I had the pleasure to give the CandyGrind Handbag Mitts a solid review which definitely got me stoked since I had heard good words about their products through various snowboarding mags. Problem with mag reviews is that they are short on page space and in my opinion, can be brief and short on info. When it comes to reviewing a product, details need to be shared, pictures need to be taken, and putting them to the test needs to be accomplished, all of which I did at Vail over the past month, all while riding a ton of POW and even getting in some groomer, cold days.

About me. I wear a large in CG gloves. I am 6', 175 lbs. I have been riding since 1989, am 33 yrs old and I ride pretty hard. I would consider my level, advanced/expert when it comes to freerider/freestyle/backcounty. I have had the opportunity to ride with numerous different mitts and gloves so I feel I am a great reviewer when it comes to this product line. How I review is each pic I post I break down with details of positive and negative through "first opinion" and "putting them to use test".

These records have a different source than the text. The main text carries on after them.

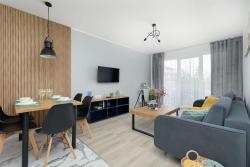 noclegi Dziwnów Stylowy Apartament z Balkonem Parkingiem oraz Strefą Wellness by Noclegi Renters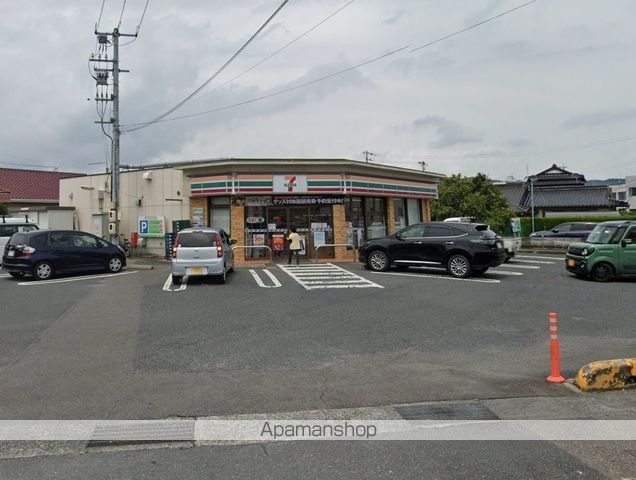 コンビニ　セブンイレブン（コンビニ）まで722m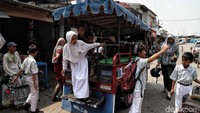 Tak cuma menjadi hiburan anak-anak, odong-odong yang biasanya dirancang menggunakan basis mobil atau sepeda motor ini juga kerap dimanfaatkan untuk menjadi alat transportasi alternatif bagi warga.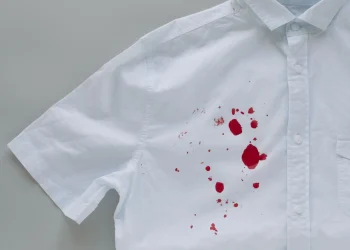 Як вивести плями крові з одягу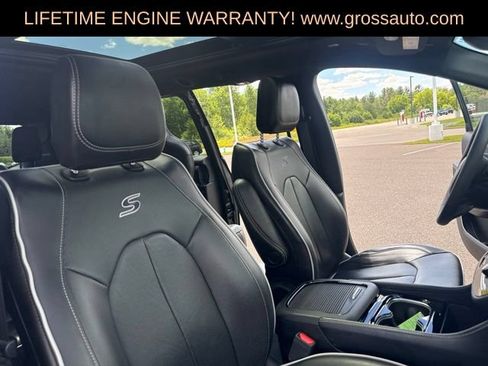 Used 2025 Chrysler Pacifica Limited FWD image 38
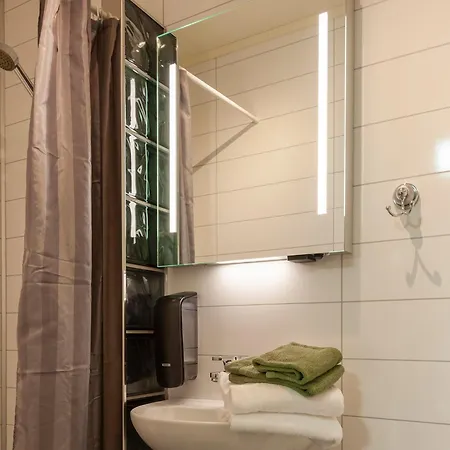 מלון Hamar Vandrerhjem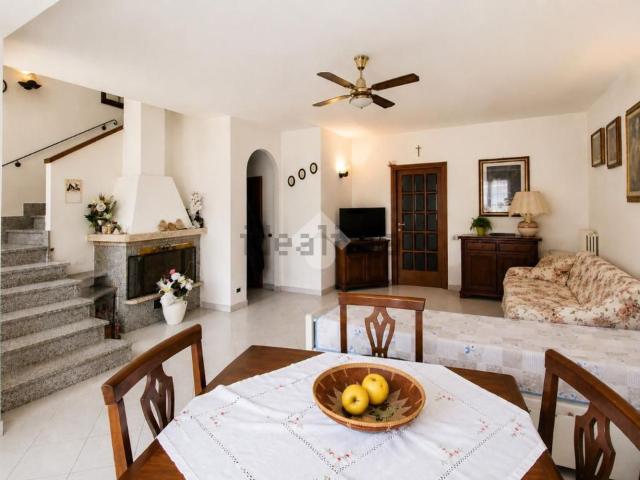 Villetta a schiera in vendita di 196 m² in Via dei Mezzi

The Handbags retail at $115 greenbacks on their site and come in 4 different colorways: Black, White, Orange/Purple, Blue/White. Side note: There are other sites out there that do sell them for less.

Here are the details of the Handbag Mitt from CNDYGRND's site:
_
From subzero days in the backcountry to summers at Hood, the Handbag can handle it. When it's time to text that cougar from the lift line, slide open the side zip to reveal the pipe glove liner. For those spring slush sessions, ditch the mitt and rock just the glove._

Handbag Mitten (With Side Open Zippers & REMOVABLE PIPE GLOVE Liner)
- Full Genuine Leather Outer Shell And Palm
- Hipora Breathable Waterproof Insert
- Moisture Wicking
-Micro Fleece Lining
- Doule Reinforced LeatherFingertips
- Weather Proof Zippers
- Wrap Around Leather Wrist Straps With Locking Velcro Closure
- Custom Dyed Leather Colors
- Logo Embroidery Detail
- Quilting Details
- Logo metal emblem
- Pairing Pulley Tab
- Removable wrist straps
Pipe Glove Liner
-Polyester Stretch Twill
-Chamude Palm With Silicone Grip
-Moisture Wicking Microfleece Lining

*So let's get started!*










*Top & Palm view of the Handbag Mitt.

1. First Opinion:*
WOW, the leather feels super tough, thick, and solid as far as construction quality of the leather. However, I was surprised it wasn't insulated more so considering the description of the glove called out "subzero" days, but it is insulated with a thin moisture wicking micro fleece lining layer, and does come with the pipe glove liners. You can definitely tell where there is doubled layers of leather in the finger tip area of the mitts. Stitching is very high quality. The glove is super light and mobility of the hand with the glove on is free and easy.
Very impressed just after first glance but the lack of the insulation was slightly concerning. Super amped to see how they perform in "subzero" days and POW.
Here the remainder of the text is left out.